Sopra Che cosa succede se la vittima ha un cerotto terapeutico o un holter sul torace e si vogliono posizionare gli elettrodi? I patch devono essere sempre rimossi e la pelle deve essere asciugata prima di posizionare gli elettrodi.

Sopra Bisogna rimuovere gli elettrodi prima di eseguire la RCP? Gli elettrodi rimangono per tutto il processo di rianimazione e fino a quando la vittima viene trattata da soccorritori professionali come il personale paramedico.

Auxiliary Navigation

Se gli elettrodi sono stati posizionati correttamente sul torace della vittima non interferiscono con il posizionamento delle mani o con le compressioni. Tenere gli elettrodi lontano dalla superficie conduttiva.

Assicurarsi che nessuno tocchi la vittima quando si eroga una scarica. Sopra Come si devono rimuovere i vestiti della vittima per effettuare la defibrillazione? Il torace deve essere libero da indumenti per consentire il posizionamento degli elettrodi monouso. Il reggiseno di una donna deve essere rimosso. Potrebbe essere necessario tagliare gli abiti.

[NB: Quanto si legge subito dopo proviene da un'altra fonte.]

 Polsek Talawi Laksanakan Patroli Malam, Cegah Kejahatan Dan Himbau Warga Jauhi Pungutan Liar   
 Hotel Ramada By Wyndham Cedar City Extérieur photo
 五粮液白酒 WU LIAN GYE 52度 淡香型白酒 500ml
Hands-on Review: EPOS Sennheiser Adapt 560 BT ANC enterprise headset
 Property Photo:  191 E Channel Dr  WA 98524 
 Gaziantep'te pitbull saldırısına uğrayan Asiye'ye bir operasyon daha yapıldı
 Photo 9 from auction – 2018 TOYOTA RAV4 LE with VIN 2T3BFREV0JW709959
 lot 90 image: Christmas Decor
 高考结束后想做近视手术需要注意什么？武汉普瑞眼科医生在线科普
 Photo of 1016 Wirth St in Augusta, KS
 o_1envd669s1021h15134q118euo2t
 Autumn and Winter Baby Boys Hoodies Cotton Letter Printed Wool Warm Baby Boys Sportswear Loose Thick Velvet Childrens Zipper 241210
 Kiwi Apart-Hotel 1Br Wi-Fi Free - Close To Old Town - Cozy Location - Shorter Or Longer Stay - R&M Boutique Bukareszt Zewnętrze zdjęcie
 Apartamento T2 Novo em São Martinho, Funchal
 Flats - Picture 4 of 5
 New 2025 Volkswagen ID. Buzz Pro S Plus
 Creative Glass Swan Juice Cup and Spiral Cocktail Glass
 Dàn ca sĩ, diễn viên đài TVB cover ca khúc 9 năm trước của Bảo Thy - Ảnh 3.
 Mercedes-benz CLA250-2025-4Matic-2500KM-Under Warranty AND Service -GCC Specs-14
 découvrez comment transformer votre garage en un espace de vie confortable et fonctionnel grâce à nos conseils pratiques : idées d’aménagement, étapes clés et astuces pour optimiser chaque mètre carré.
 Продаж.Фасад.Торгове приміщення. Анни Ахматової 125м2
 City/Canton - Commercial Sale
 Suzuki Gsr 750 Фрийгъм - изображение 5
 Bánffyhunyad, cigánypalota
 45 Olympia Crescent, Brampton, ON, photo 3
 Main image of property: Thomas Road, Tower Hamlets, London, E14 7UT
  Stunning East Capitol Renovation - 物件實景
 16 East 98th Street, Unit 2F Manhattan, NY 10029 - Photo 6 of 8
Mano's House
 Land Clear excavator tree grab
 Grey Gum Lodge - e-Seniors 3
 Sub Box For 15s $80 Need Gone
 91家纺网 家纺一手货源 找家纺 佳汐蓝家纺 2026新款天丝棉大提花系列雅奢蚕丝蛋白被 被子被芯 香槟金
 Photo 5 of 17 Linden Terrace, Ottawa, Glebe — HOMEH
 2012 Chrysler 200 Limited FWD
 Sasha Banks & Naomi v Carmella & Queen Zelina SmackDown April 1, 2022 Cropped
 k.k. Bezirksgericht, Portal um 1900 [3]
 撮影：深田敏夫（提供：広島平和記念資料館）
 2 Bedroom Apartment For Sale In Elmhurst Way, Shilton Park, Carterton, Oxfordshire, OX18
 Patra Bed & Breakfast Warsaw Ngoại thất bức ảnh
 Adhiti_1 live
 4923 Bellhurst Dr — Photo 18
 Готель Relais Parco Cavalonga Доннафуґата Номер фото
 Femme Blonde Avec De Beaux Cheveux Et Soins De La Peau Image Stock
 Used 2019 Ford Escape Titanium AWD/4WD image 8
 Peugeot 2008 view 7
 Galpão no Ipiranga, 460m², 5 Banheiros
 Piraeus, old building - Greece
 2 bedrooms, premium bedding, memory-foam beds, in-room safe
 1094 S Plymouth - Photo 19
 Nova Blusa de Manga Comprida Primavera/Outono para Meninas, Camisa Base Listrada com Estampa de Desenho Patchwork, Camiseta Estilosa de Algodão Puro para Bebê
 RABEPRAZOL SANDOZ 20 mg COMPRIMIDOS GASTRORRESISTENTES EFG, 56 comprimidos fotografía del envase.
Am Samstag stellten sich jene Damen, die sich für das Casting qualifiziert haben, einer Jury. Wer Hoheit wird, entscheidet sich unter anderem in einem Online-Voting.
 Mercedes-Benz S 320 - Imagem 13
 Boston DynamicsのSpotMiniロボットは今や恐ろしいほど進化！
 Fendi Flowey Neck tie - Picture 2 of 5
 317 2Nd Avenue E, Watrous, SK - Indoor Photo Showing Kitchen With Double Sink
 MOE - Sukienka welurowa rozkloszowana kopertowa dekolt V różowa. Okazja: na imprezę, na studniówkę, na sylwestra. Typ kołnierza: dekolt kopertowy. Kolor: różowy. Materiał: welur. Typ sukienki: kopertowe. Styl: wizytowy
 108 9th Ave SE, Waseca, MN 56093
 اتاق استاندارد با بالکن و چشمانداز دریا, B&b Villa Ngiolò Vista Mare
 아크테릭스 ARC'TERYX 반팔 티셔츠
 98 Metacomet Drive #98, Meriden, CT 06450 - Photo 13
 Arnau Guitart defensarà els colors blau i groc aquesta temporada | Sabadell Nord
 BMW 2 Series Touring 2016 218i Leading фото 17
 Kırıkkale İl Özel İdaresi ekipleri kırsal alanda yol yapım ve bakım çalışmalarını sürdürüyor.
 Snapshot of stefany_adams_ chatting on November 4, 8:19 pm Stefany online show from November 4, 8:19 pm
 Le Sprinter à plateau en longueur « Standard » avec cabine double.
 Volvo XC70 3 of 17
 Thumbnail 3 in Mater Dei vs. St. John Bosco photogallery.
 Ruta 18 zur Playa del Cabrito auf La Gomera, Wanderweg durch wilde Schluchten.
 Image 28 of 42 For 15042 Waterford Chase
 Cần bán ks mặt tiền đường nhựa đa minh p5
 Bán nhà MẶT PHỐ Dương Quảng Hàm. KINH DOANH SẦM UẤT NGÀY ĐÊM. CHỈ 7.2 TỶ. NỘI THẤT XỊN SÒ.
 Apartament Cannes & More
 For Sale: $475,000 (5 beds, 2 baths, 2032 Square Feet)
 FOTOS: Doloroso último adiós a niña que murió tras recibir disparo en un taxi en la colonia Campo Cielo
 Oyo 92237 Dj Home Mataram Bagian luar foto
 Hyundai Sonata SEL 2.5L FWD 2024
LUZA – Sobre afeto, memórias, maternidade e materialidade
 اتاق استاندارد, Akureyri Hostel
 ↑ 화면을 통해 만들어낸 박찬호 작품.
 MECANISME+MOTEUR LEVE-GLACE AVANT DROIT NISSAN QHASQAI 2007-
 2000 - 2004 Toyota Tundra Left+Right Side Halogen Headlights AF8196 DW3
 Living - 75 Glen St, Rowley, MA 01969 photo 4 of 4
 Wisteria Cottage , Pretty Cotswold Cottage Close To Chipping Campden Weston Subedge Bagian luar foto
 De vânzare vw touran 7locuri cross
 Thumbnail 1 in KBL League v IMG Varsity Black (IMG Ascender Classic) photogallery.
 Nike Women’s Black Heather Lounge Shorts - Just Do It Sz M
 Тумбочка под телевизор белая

Cos’è un defibrillatore e come funziona

Questo porterà ad una defibrillazione inefficace e pericolosa. Sopra Si possono posizionare gli elettrodi direttamente su un torace peloso? Gli elettrodi devono entrare in contatto diretto con la cute.

Sopra Che cosa succede se la vittima è un bambino? Sopra Dopo aver effettuato la defibrillazione si possono lasciare gli elettrodi sul paziente?